# [WORKING DATA]
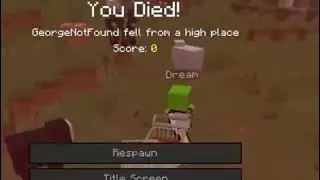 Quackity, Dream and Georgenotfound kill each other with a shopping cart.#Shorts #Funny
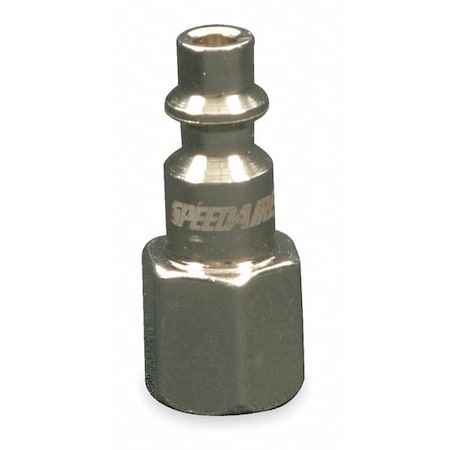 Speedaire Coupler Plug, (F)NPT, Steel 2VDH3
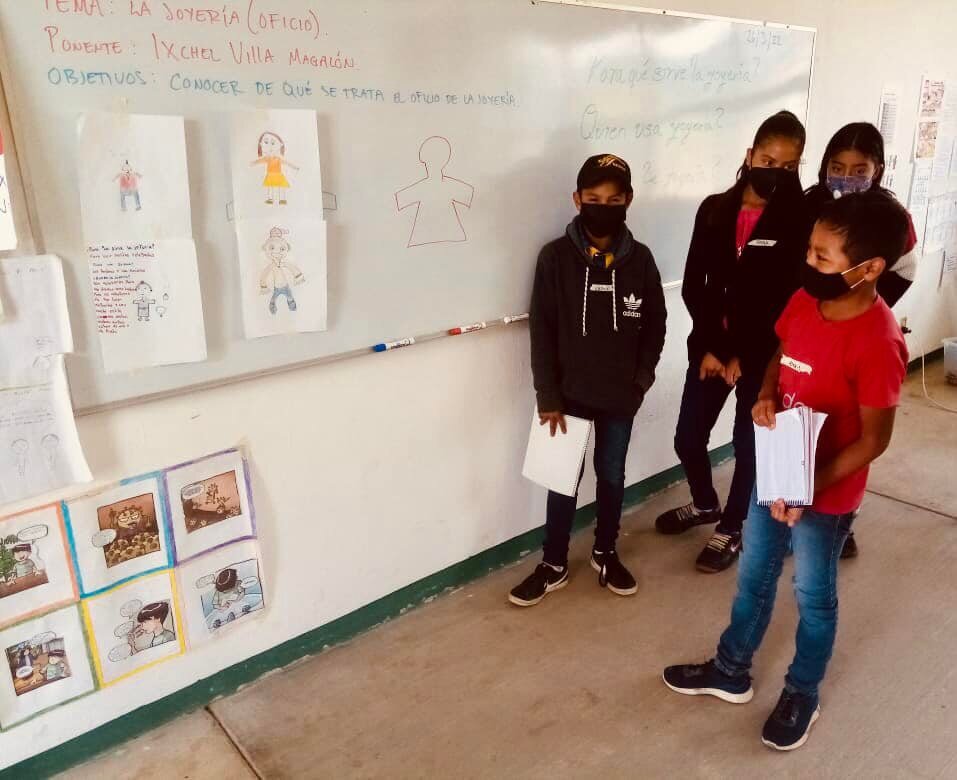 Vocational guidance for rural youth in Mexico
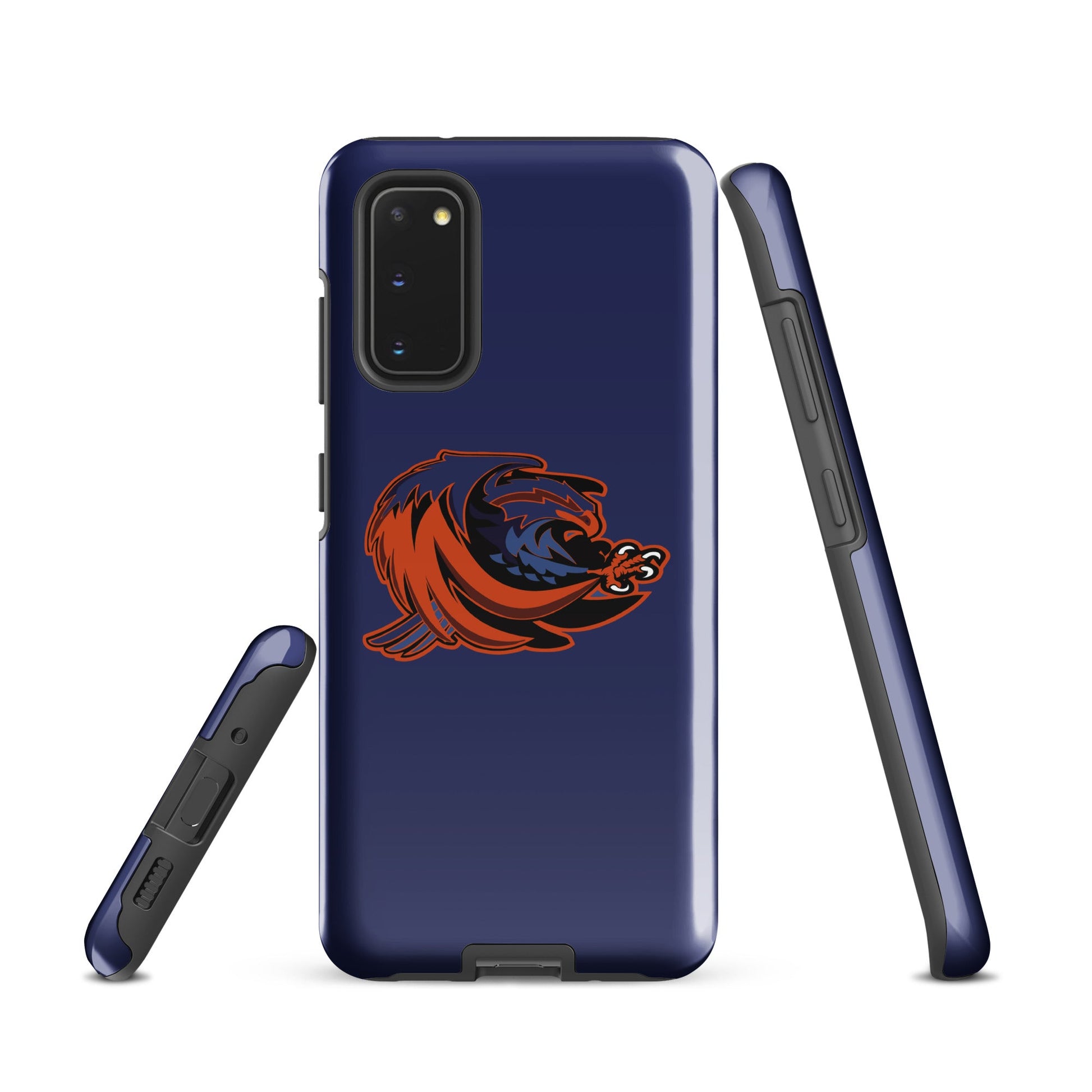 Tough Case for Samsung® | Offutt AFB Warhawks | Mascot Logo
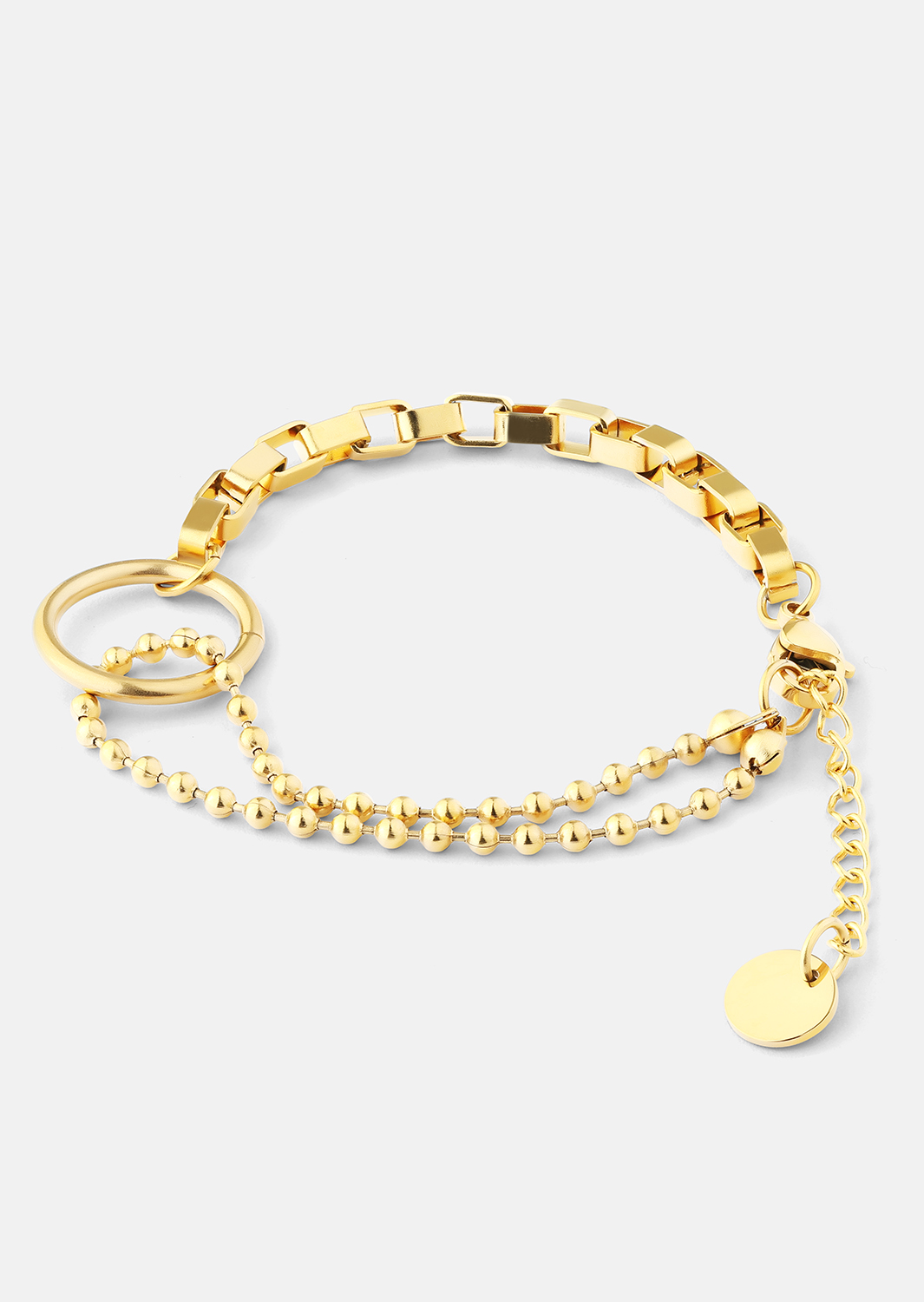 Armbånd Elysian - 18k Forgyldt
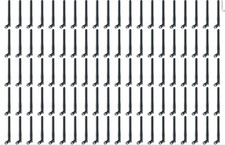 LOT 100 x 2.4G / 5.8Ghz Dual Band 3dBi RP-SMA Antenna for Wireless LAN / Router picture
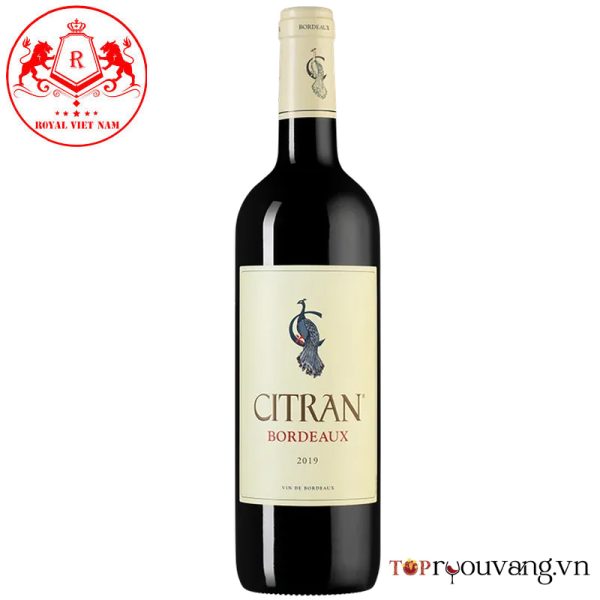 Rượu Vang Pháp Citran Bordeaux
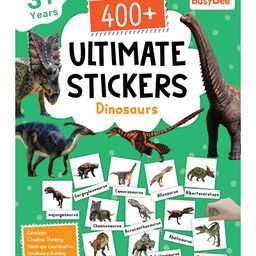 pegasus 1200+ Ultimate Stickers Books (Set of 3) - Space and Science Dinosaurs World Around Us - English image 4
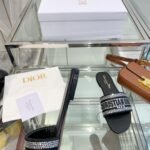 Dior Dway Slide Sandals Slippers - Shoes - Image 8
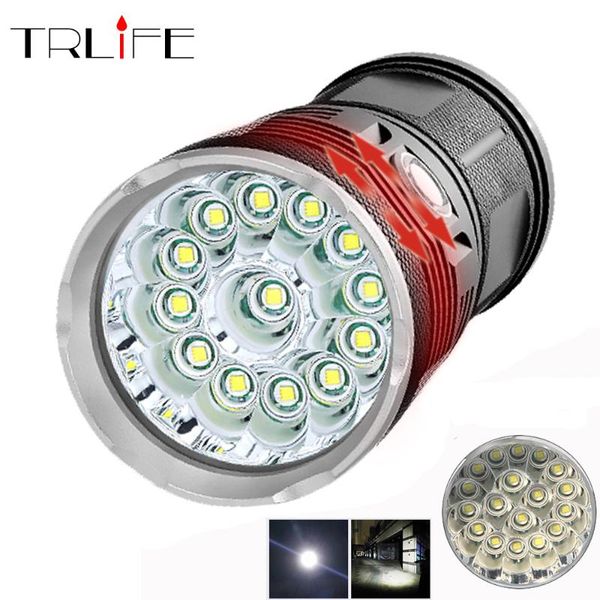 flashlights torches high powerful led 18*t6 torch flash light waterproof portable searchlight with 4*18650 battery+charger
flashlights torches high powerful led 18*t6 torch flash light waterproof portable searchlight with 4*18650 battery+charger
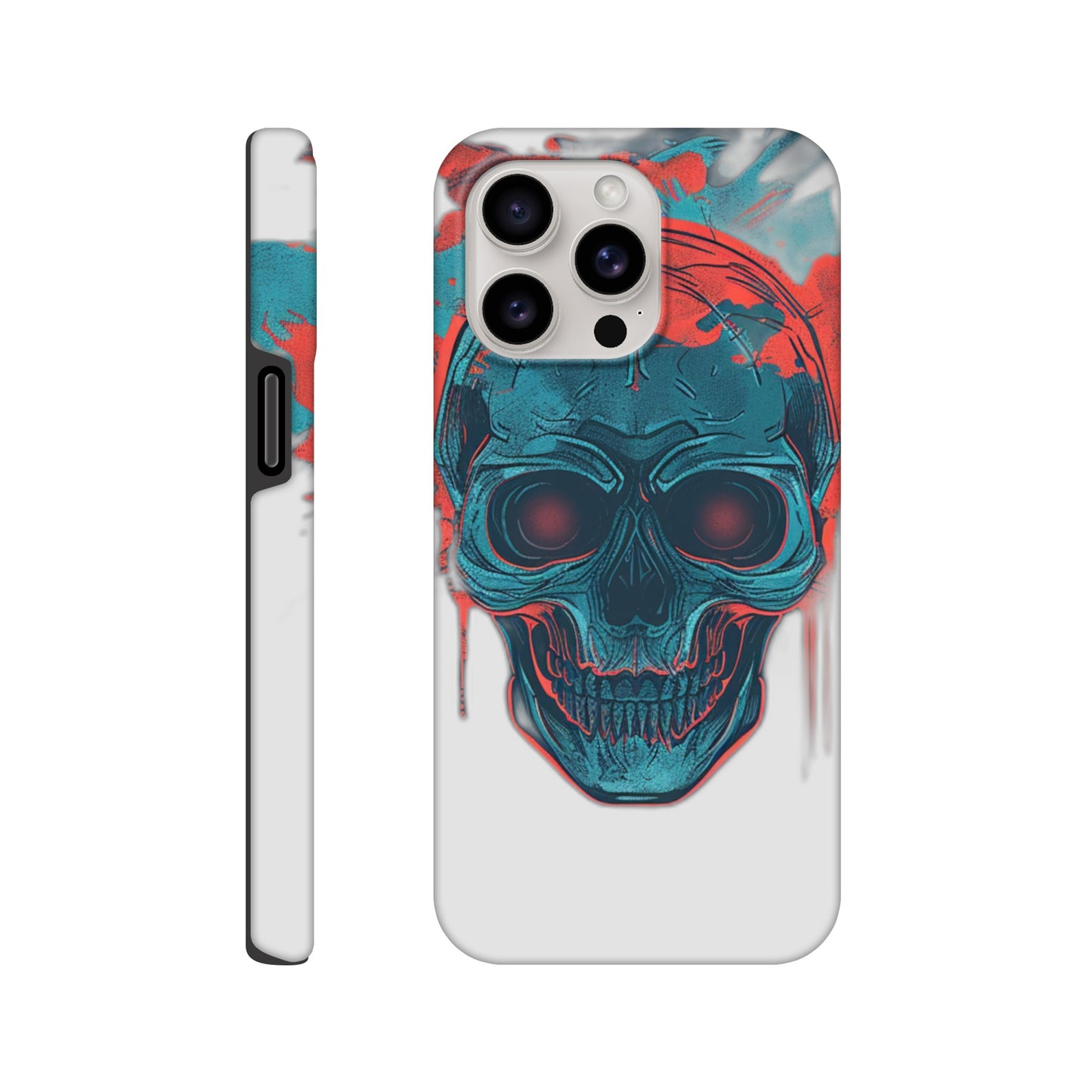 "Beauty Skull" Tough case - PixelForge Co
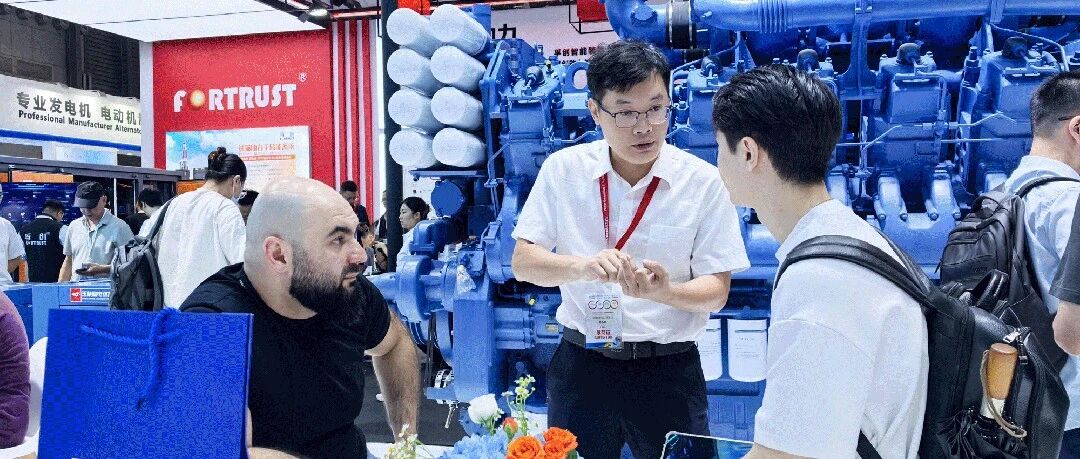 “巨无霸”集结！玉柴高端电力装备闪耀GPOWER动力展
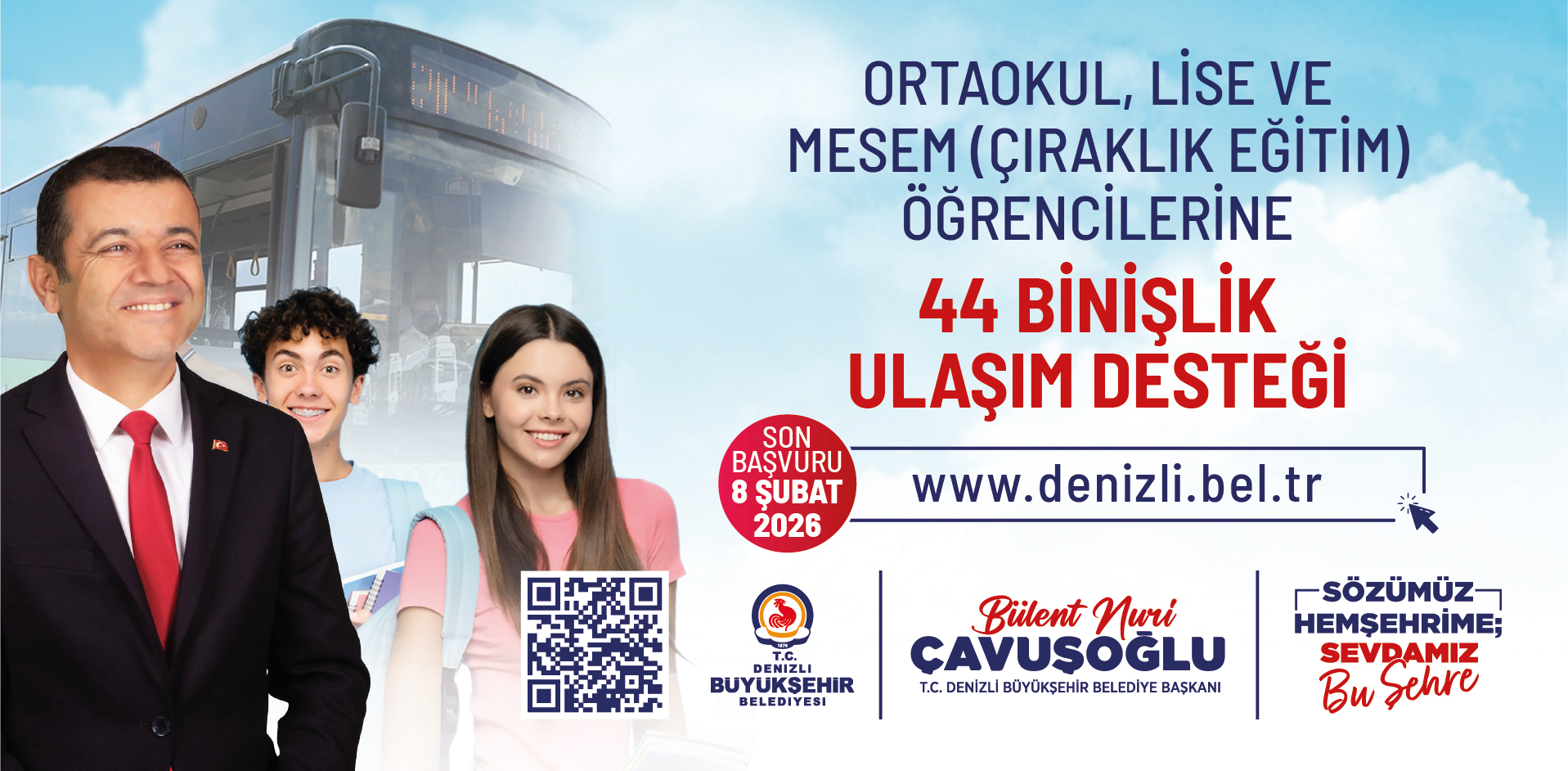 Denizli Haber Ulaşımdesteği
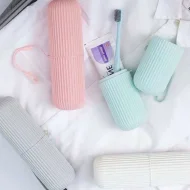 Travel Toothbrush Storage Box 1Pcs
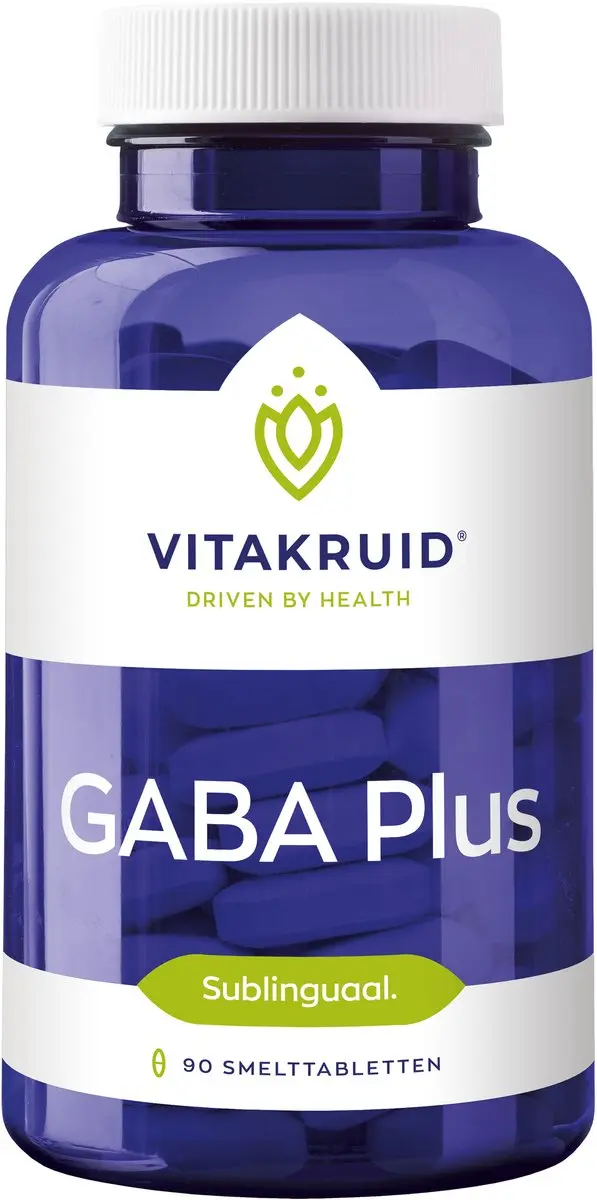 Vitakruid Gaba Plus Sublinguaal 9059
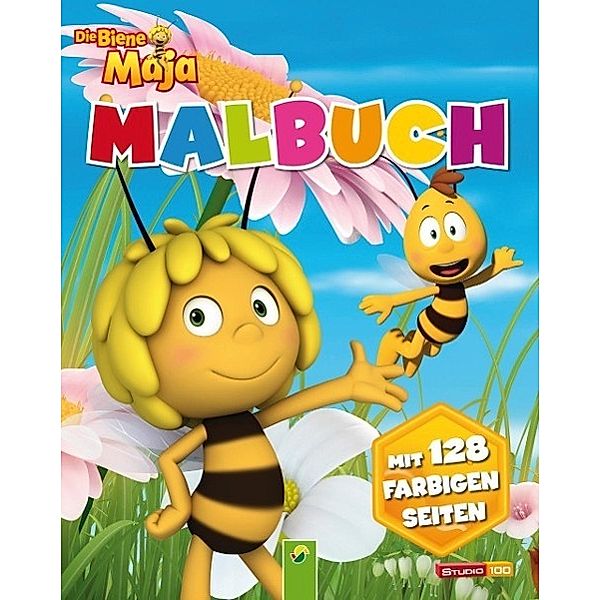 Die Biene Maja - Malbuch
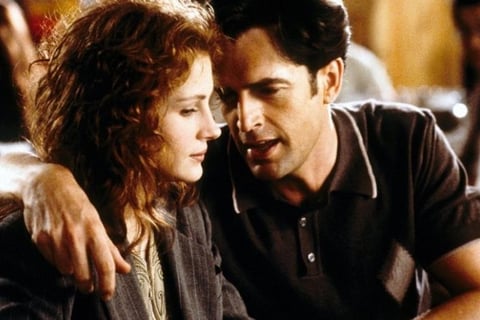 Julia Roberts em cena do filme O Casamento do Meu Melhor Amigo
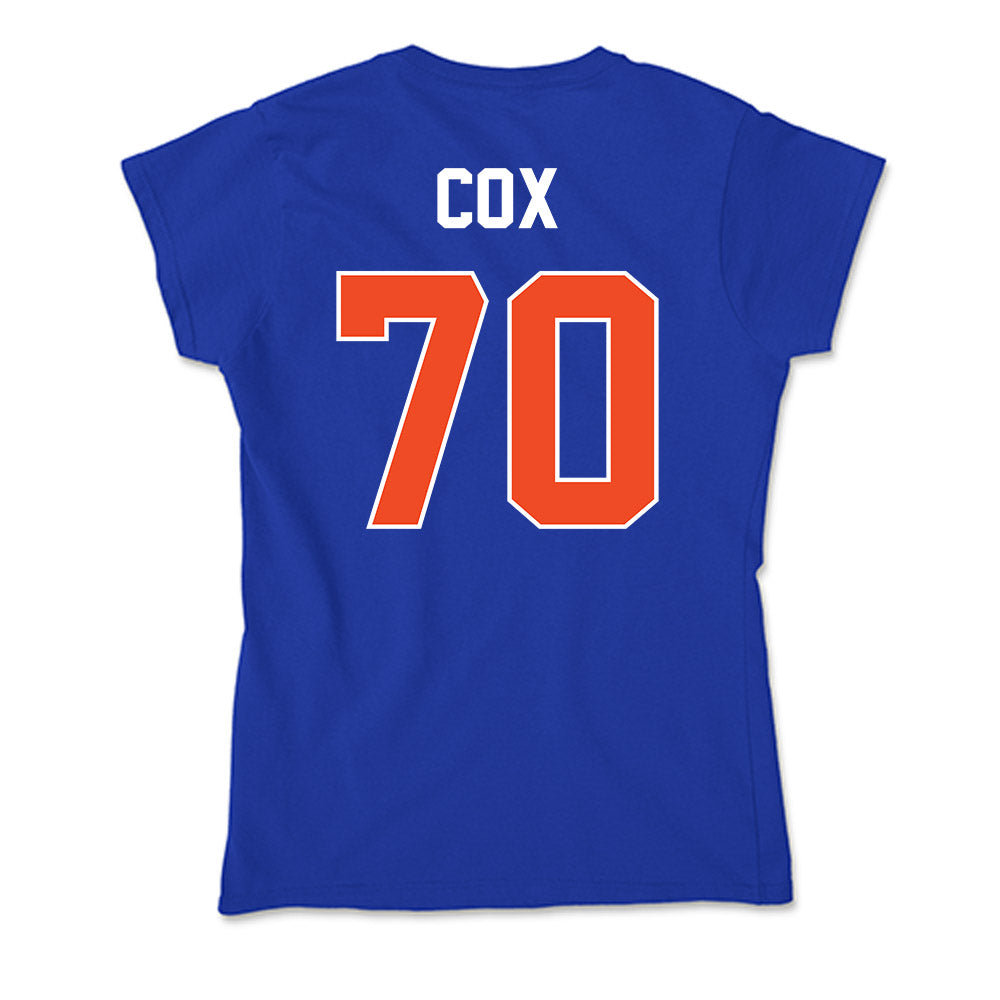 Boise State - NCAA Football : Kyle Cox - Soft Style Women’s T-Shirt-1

# [PROBLEM TO WORK ON]
Please repeat each line above exactly as it appears, but omit the pictures.

# [ANSWER FOR THIS EXERCISE]
 Quackity, Dream and Georgenotfound kill each other with a shopping cart.#Shorts #Funny
 Speedaire Coupler Plug, (F)NPT, Steel 2VDH3
 Vocational guidance for rural youth in Mexico
 Tough Case for Samsung® | Offutt AFB Warhawks | Mascot Logo
 Armbånd Elysian - 18k Forgyldt
 LOT 100 x 2.4G / 5.8Ghz Dual Band 3dBi RP-SMA Antenna for Wireless LAN / Router picture
 Rượu Vang Pháp Citran Bordeaux
 pegasus 1200+ Ultimate Stickers Books (Set of 3) - Space and Science Dinosaurs World Around Us - English image 4
 Dior Dway Slide Sandals Slippers - Shoes - Image 8
 flashlights torches high powerful led 18*t6 torch flash light waterproof portable searchlight with 4*18650 battery+charger
flashlights torches high powerful led 18*t6 torch flash light waterproof portable searchlight with 4*18650 battery+charger
 "Beauty Skull" Tough case - PixelForge Co
 “巨无霸”集结！玉柴高端电力装备闪耀GPOWER动力展
 Denizli Haber Ulaşımdesteği
 Travel Toothbrush Storage Box 1Pcs
 Vitakruid Gaba Plus Sublinguaal 9059
 Die Biene Maja - Malbuch
 Julia Roberts em cena do filme O Casamento do Meu Melhor Amigo
 Boise State - NCAA Football : Kyle Cox - Soft Style Women’s T-Shirt-1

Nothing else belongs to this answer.